Les Actes en silence à la Piscine de Frais Vallon
L’Interview
Mireille Batby (labelmarseille)
Ils auraient pu se contenter d’une simple expo d’art contemporain… Mais pour profiter pleinement du formidable espace de la piscine vidée de Frais Vallon, les trublions du OFF ont décidé, en confiant les clés à labelmarseille, de faire autrement : « plus radical, innovant et excitant ». Résultat : une nuit entière de créations (performances, installations, concerts), in situ et « en silence ». Explications.
Qu’est-ce que labelmarseille ? Que se passe-t-il aux Grands Terrains ?
C’est une association d’artistes, de scientifiques et de personnes du milieu de la culture qui ont décidé de soutenir la création d’œuvres transdisciplinaires, en aidant les artistes à définir leur projet, à le mettre en place et le produire. A la création du collectif à Lyon, on l’a appelé labelm parce que les prénoms de tous les membres commençaient par un « m ». Quand on est venu s’installer ici il y a cinq ans, il était évident que ce « m » deviendrait « Marseille ». Après une première saison sur le thème de la confrontation au sein de la galerie Vol de Nuits, on a décidé avec Claire Rossi de monter un lieu dédié aux laboratoires de recherches : les Grands Terrains, que l’on partage désormais avec Couleur Cactus (association de promotion du livre), la Luciole (association de médiation pour les personnes handicapées) et un collectif de jeunes artistes. Chaque année, le labelm aide quatre artistes à travailler sur le transdisciplinaire dans le cadre d’une résidence.
Comment définiriez-vous la transdisciplinarité ? En quoi se distingue-t-elle de la pluridisciplinarité ?
Les projets transdisciplinaires correspondent à l’envie d’un artiste d’aller travailler avec un artiste d’une autre discipline, avec un scientifique ou des amateurs. C’est donc un mélange de gens avant d’être un mélange de genres. En ce sens, cela nécessite un réel accompagnement des artistes : il y a de l’ego chez eux, et une certaine peur chez les amateurs…
Que sont les Actes ?
On travaille à définir le transdisciplinaire de façon à fabriquer des formes qui soient diffusables et exportables comme un spectacle d’art vivant. Chaque année, nous invitons quatre artistes en résidence pendant six mois, qui choisissent eux-mêmes de collaborer avec des personnes extérieures, dont les travaux entrent en résonance avec les leurs. A la fin de la résidence, on leur demande d’acter leur projet dans un espace, c’est-à-dire de montrer leurs travaux à un public. Sans que ce soit forcément fini. Par exemple, Enna Chatton et Carole Rieussec présenteront la fin de leurs travaux l’année prochaine au GMEM et aux Instants Vidéo. Dans la piscine, elles présenteront un work in progress.

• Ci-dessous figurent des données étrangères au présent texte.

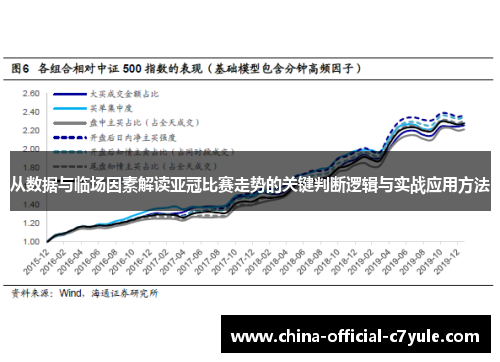 从数据与临场因素解读亚冠比赛走势的关键判断逻辑与实战应用方法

Pourquoi travailler sur le silence ?
Le silence, c’est extrêmement bruyant. On l’entend parce qu’il y a eu du bruit, un cri, du chant, de la réaction. Cela correspond selon moi à la position de l’art aujourd’hui. Il y a eu du travail, des choses, et maintenant, on ne l’entend plus. Je crois qu’on confond l’art avec la culture ; c’est un énorme problème. Du coup, la position d’une recherche artistique est très difficile à mettre en place. Il faut forcément qu’à la fin, ça devienne un produit culturel, ludique, ouvert à tous. Ce n’est ni bien ni mal, mais ce n’est pas le propos de l’art. Une démarche artistique s’inscrit dans une histoire, dans l’histoire personnelle d’un artiste mais aussi dans l’histoire de l’art, c’est un cheminement, une avancée vers quelque chose… Aucun artiste à notre époque ne peut dire que le silence ne résonne pas pour lui.

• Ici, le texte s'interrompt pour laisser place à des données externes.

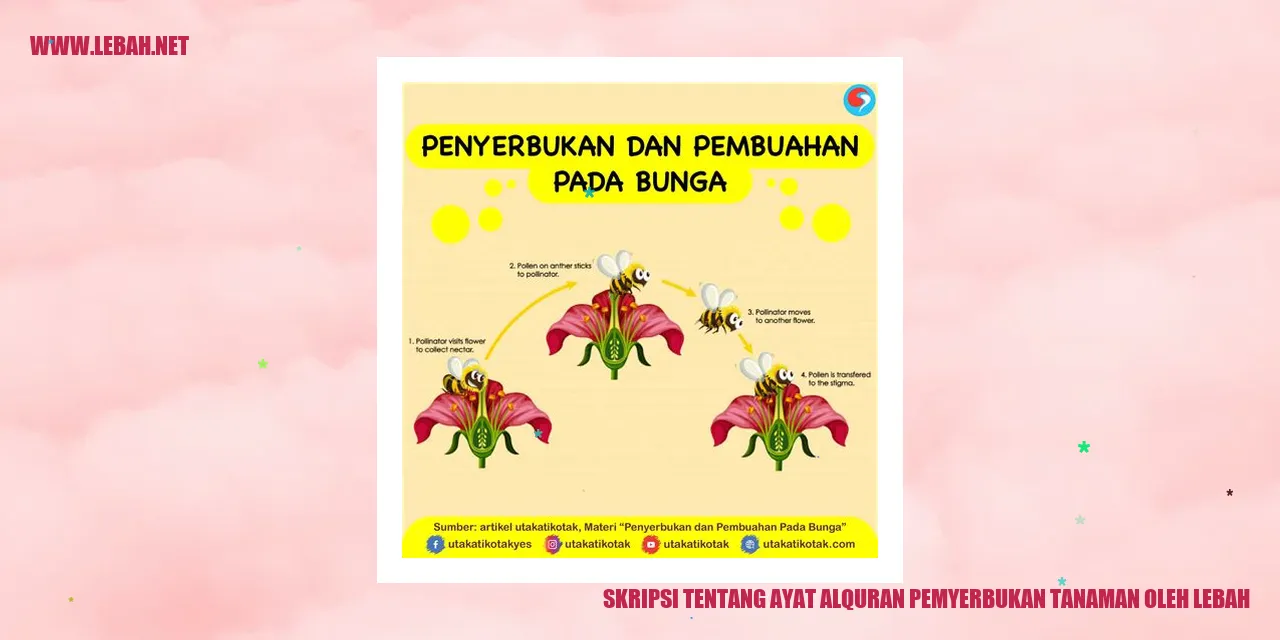Pemyerbukan Tanaman oleh Lebah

Pourquoi et comment investir une piscine ?
Je voulais un lieu reconnaissable pour son activité, mais dont l’activité est justement interrompue. Je ne voulais pas d’une énième usine désaffectée, de tous ces lieux que l’art a déjà investis, réinvestis et surinvestis. Stéphane (ndlr : Stéphane Sarpaux, directeur du OFF) est un nageur régulier et pour ma part, en tant que performeuse, je travaille beaucoup dans l’eau. La piscine s’est donc imposée. Celle de Frais Vallon allait être vidée avant travaux, ils ont avancé d’une semaine pour nous.

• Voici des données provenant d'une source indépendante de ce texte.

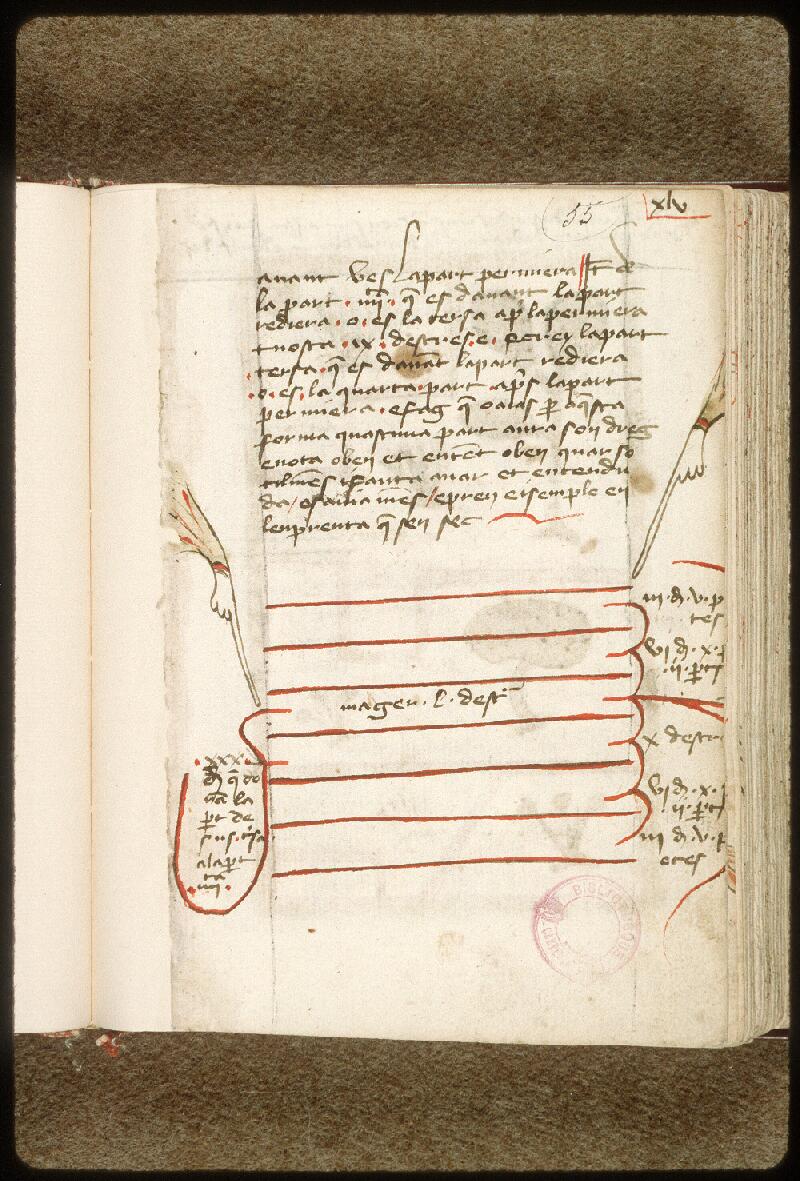 Carpentras, Bibl. mun., ms. 0327, f. 055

Frais Vallon fait partie du mouvement des mille piscines, des piscines tournesols construites dans les années 70 dans des zones défavorisées. C’est très daté, mais ça reste un bon outil, très beau. Avec les trente artistes, on a envie d’investir le lieu au maximum sans en faire un musée, en le respectant. Il n’y a pas de plafond, donc on sera tous en interaction les uns avec les autres : on est encore dans le transdisciplinaire.